Albert Collins and Johnny Copeland were longtime associates, going back to the days when Collins took a teenaged Copeland under his wing and taught him a few licks on his guitar. Many years later, a young teenager in Tacoma, Robert Cray, was blown away by the musical act at his high school graduation dance, who was none other than Albert Collins. As he had done with Copeland years before, Collins took young Cray under his wing and taught him some nasty Texas Blues guitar.
By the mid '80s, Collins was one of the most visible bluesmen this side of B. B. King, having recorded five scorching albums for Alligator (including THE Albert Collins album, Ice Pickin’) and appeared at Live Aid. At the same time, Copeland had recorded four powerful albums for Rounder, including the essentials Copeland Special and Texas Twister (which featured Stevie Ray Vaughan on a couple of tracks).
During this time, Alligator Records, Collins’ label, decided to team up Collins and Copeland, along with Gatemouth Brown on an album. When Brown was unable to join them due to scheduling conflicts, Cray was brought in.

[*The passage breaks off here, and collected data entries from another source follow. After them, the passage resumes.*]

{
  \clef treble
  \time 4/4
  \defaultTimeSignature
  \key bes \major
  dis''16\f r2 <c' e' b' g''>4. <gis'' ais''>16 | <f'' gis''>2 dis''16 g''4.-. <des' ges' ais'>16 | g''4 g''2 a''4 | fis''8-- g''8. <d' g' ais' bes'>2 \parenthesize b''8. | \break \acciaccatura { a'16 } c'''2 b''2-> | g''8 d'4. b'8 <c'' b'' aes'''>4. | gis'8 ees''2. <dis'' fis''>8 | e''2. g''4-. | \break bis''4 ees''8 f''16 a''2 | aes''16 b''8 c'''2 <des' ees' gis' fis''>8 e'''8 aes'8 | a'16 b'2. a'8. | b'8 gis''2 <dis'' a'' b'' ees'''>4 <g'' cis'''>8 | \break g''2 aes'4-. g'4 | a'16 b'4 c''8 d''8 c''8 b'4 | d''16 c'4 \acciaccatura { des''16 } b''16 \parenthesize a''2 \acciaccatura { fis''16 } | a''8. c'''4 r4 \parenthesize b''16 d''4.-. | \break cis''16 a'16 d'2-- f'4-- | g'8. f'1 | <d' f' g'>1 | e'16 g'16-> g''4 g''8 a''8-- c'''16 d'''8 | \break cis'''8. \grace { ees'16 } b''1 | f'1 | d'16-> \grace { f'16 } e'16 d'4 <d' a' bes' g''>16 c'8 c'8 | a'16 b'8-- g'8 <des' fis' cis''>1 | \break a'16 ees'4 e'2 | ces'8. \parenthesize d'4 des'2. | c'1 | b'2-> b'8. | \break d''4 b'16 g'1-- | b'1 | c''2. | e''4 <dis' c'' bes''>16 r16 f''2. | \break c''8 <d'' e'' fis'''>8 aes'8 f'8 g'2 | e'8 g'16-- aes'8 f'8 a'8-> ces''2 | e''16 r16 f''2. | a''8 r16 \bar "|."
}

During this same time, Robert Cray had nearly equaled both Collins’ and Copeland’s fame, coming off two impressive releases on the Hightone label, Bad Influence and False Accusations.
The final product of the union was Showdown! To put it simply, this is as perfect a blues album as there is. The vocals and guitar solos are split evenly, with Collins appearing on all nine tracks, sharing four with Copeland, three with Cray, and appearing with both on the opening track, a splendid cover of “T-Bone Shuffle” and the closer, Ray Charles’ “Blackjack,” which features some outstanding solo fretwork by all three.
On his four tracks, Copeland displays all-out intensity on guitar and with his feral vocals. He never sounded better on tracks like “Lion’s Den,” “Bring Your Fine Self Home,” and the Hop Wilson tribute, “Black Cat Bone.”
Cray’s contributions are a bit more restrained, including a nifty cover of Muddy Waters’ “She’s Into Something,” but his fervent vocal on “The Dream” is chill bump-inducing.
As for Collins, for the most part he serves as the master of ceremonies, allowing the other two to have their moments. But when it’s his turn to take the guitar spotlight, he shows why he was known as The Master of the Telecaster, infusing each song with the icy tone that made his sound so instantly recognizable (witness the outstanding Collins/Copeland instrumental “Albert’s Alley”). While his vocals are not as strong as Copeland’s or Cray’s, they are a nice fit with the songs he does.
The band supporting these three are a veritable Who’s Who in Chicago Blues, with Allen Batts on organ, Johnny B. Gayden on bass, and the great Casey Jones on drums.
Collins would later move to the Virgin/Pointblank label and record several other fine albums, but none as great as this one, before dying in November of 1993 after a battle with lung cancer. Copeland recorded several albums for Verve and survived a heart transplant, before dying in 1997 from complications from additional heart surgery. Cray is largely credited for helping to trigger the resurgence of interest in the blues. He’s recorded numerous albums of his Stax/Hi Records soul variation of the blues, with varying success, including 1986’s Strong Persuader, which is considered by many to be his masterpiece.
If you’ve read this far, you probably already own Showdown! If you don’t own it yet, your blues collection is incomplete.